• **About this task**
For this exercise, print the listing below exactly, without its pictures.

• **Exercise material**
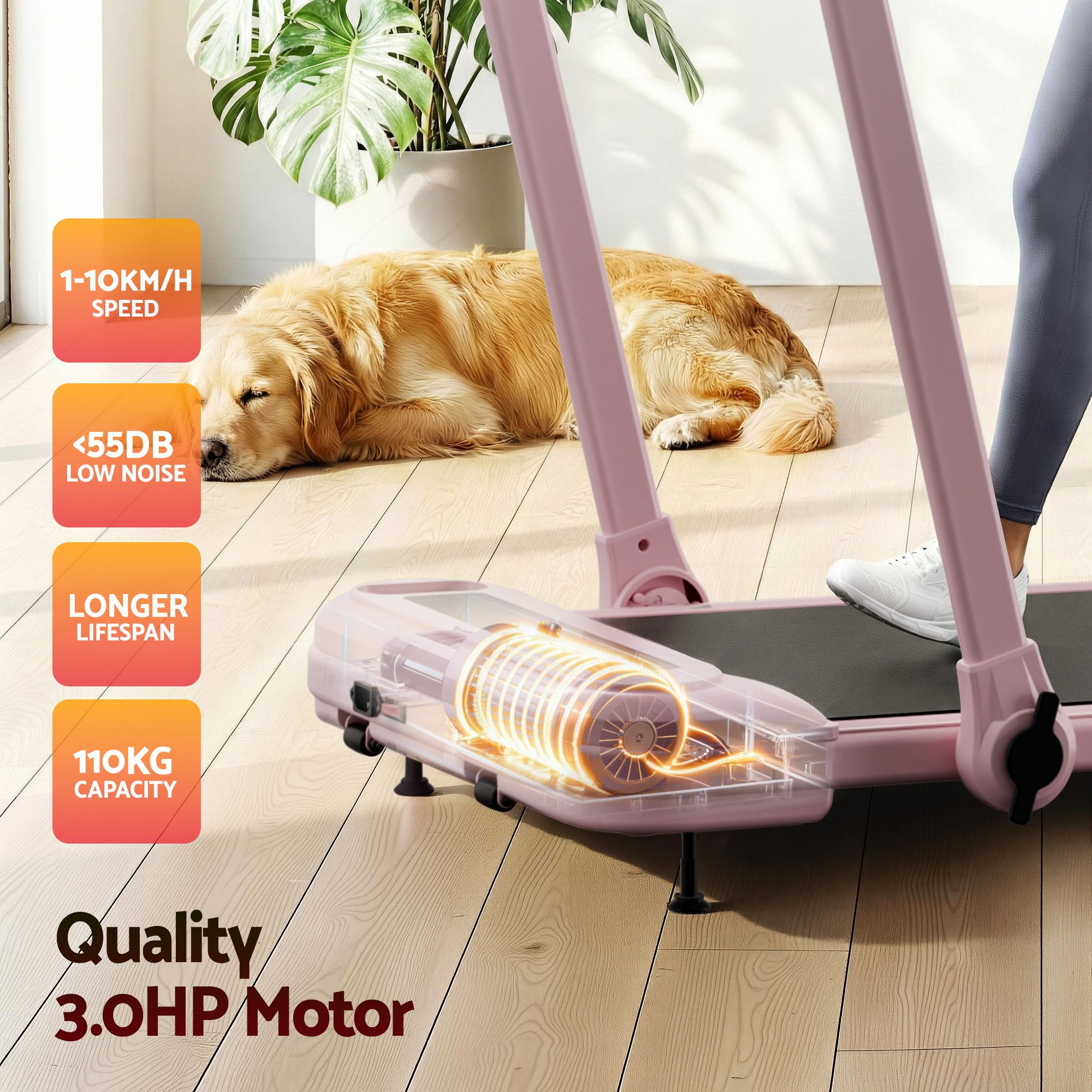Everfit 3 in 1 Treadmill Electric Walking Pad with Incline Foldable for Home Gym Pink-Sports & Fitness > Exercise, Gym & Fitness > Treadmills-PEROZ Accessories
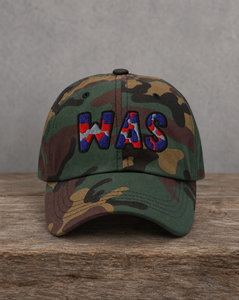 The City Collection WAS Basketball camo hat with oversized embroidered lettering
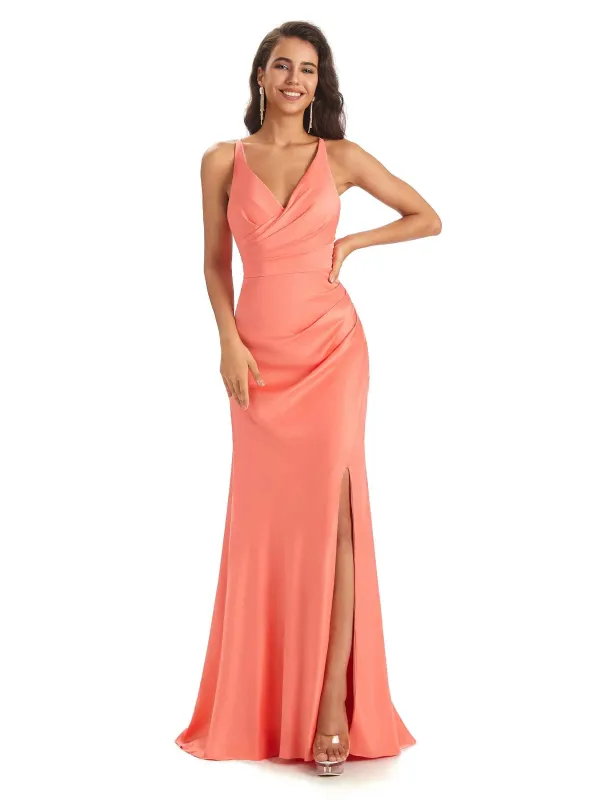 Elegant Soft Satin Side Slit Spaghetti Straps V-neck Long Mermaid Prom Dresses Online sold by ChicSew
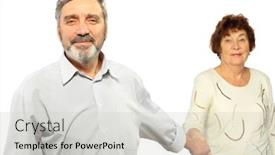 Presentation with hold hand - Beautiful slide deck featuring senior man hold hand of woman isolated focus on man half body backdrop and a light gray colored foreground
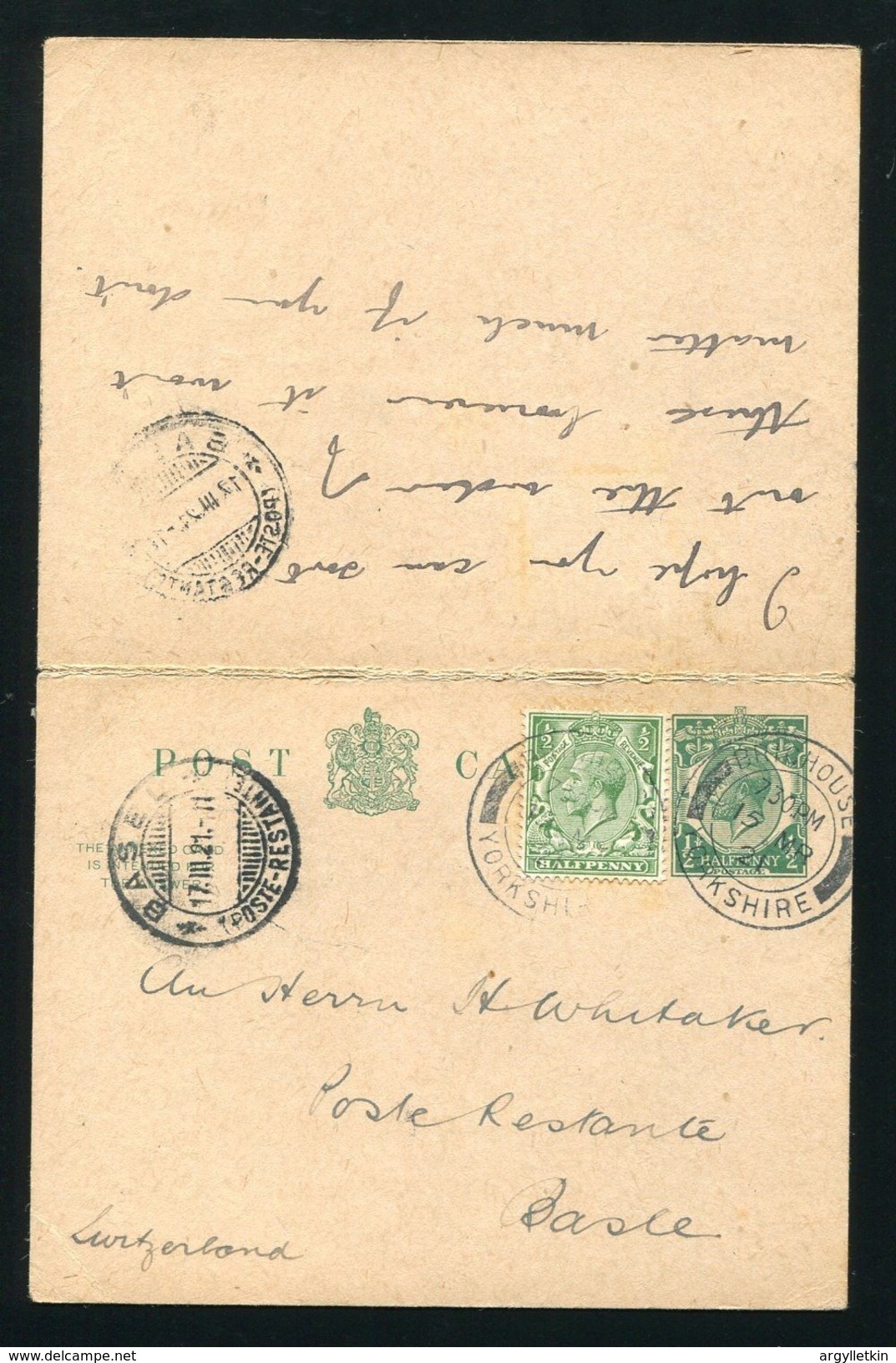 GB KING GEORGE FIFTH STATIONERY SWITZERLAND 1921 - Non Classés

• **Answer area**
Everfit 3 in 1 Treadmill Electric Walking Pad with Incline Foldable for Home Gym Pink-Sports & Fitness > Exercise, Gym & Fitness > Treadmills-PEROZ Accessories
 The City Collection WAS Basketball camo hat with oversized embroidered lettering
 Elegant Soft Satin Side Slit Spaghetti Straps V-neck Long Mermaid Prom Dresses Online sold by ChicSew
 Presentation with hold hand - Beautiful slide deck featuring senior man hold hand of woman isolated focus on man half body backdrop and a light gray colored foreground
 GB KING GEORGE FIFTH STATIONERY SWITZERLAND 1921 - Non Classés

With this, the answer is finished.